P&ID → A&ID (Agent Nomenclature)
Process engineering as reference schema for Agent & Instrument Diagrams.
| P&ID (Known) | A&ID (New) | Gap Type |
|---|---|---|
| Process equipment | Agents (HA, DA, PA, OA) | Direct mapping |
| Instruments (sensors, valves) | Instruments (tokens, identity, incentives) | Direct mapping |
| Pipelines | Protocols (data flows, value flows) | Direct mapping |
| Control loops | Feedback loops (VVFL, tokenomics) | Direct mapping |
| ISA-5.1 symbol codes | A&ID symbol codes (DA-ST01) | Direct mapping |
| ANSI valve assemblies | Standard fittings (OpenZeppelin) | Direct mapping |
| No equivalent | Smart contracts as intelligent hyperlinks | Genuinely new |
| No equivalent | Verifiable settlement (on-chain proof) | Genuinely new |
P&ID → A&ID is almost entirely direct mapping. That's what makes it powerful — process engineers can read agent diagrams immediately. The genuinely new concepts (smart contracts, on-chain settlement) sit on top of a familiar structure.
The Lindy Dimension
The Lindy Effect applies to schemas: the longer a mapping survives real use, the more trustworthy it is. A direct mapping that has worked for years (P&ID symbols → A&ID codes) is more reliable than one created yesterday.
Standard fittings demonstrate this. OpenZeppelin's EVM patterns are Lindy — battle-tested since 2016. When ported to Move, the patterns transfer even though the implementation is new. The schema (access control, safe math, time locks) survives across platforms because the underlying problems are the same.
The Matrix
Jobs × Attributes = Visibility.
| Job | Artifact | Owner | Status |
|---|---|---|---|
| ? | ? | ? | ? |
Each row is a job.

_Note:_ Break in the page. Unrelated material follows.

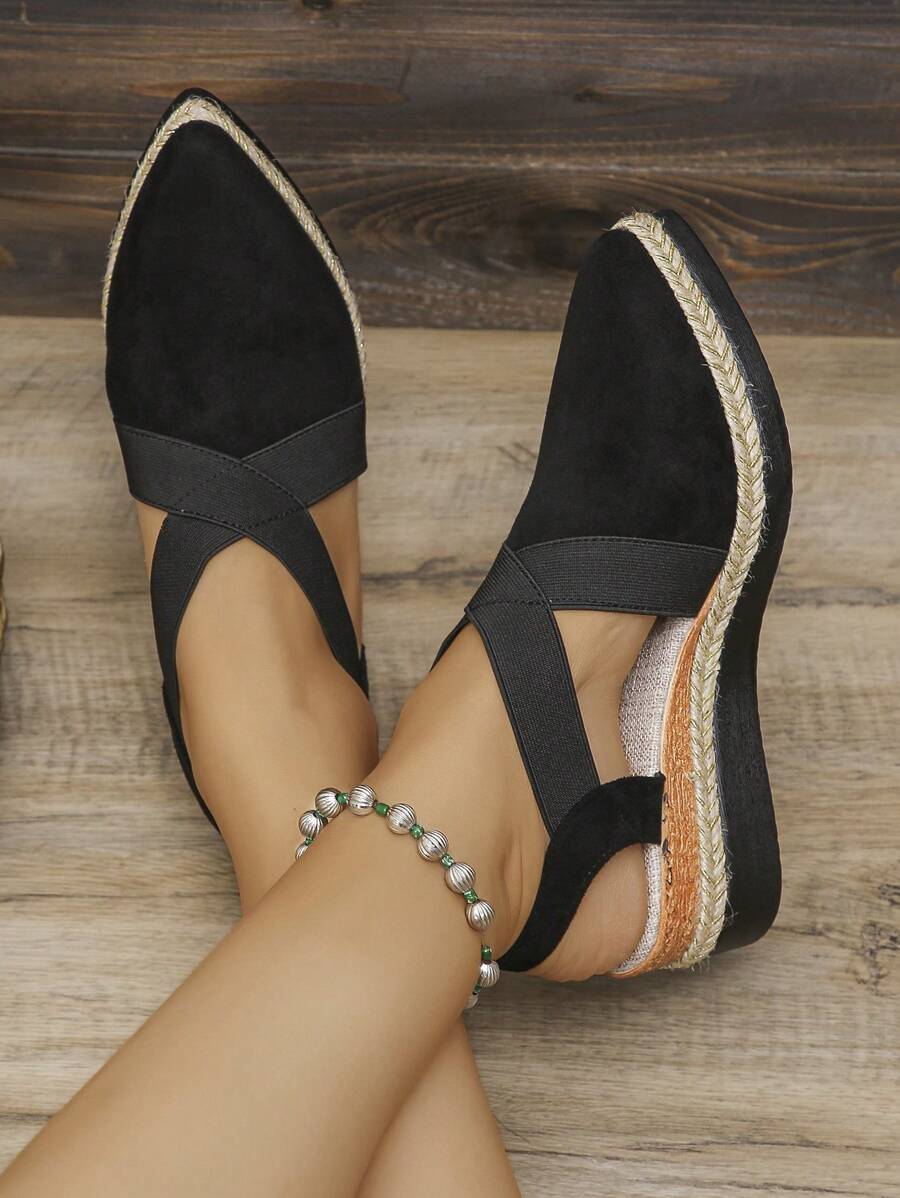 2025 New Autumn Europe And America Thick Sole Pointed Toe Hollow Sandals Women, Criss-Cross Elastic Strap Closed Toe Platform High Heels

Each column is what you need to know. Empty cells are blind spots. The reference schema procedure above is how you fill the cells fast — by translating from a domain where you already filled them.
Applied:
- Marketing Protocols — 25 jobs × 8 attributes
- Jobs To Be Done — What customers hire products to do
- Smart Contract Standards — EVM × Move × SVM comparison tables
Context
- Matrix Thinking — Making invisible visible
- Knowledge Stack — Primitives → Protocols → Standards → Platform
- Smart Contract Standards — Worked example: EVM as reference schema for Move
- A&ID Template — Worked example: P&ID as reference schema for agent nomenclature
- Naming Standards — Consistent taxonomy makes schemas navigable
- Data Footprint — The data model IS the knowledge schema for any domain
- Tight Five — The schema that organises schemas
- Hacker Laws — Lindy Effect: survival validates the schema
- Jobs To Be Done — What customers hire products to do
- Work Charts — Human/AI capability mapping
Links
- Schema Development — Psychology of knowledge schemas
- Diátaxis — Four documentation types serve four learning needs
Questions
How do you know when a reference schema is helping you learn — versus trapping you in the old model's assumptions?
- Which "genuinely new" concept in your current learning target would be invisible if you only translated from your anchor?
- When the anchor has a concept the target deliberately omits (like
ReentrancyGuardin Move), is the absence a feature or a blind spot you'll pay for later? - What's the minimum number of "genuinely new" rows that justify learning a new domain — versus staying in the anchor domain and waiting for it to catch up?
- If an agent follows this procedure with a different anchor, do they arrive at the same schema — or does the anchor determine what you see?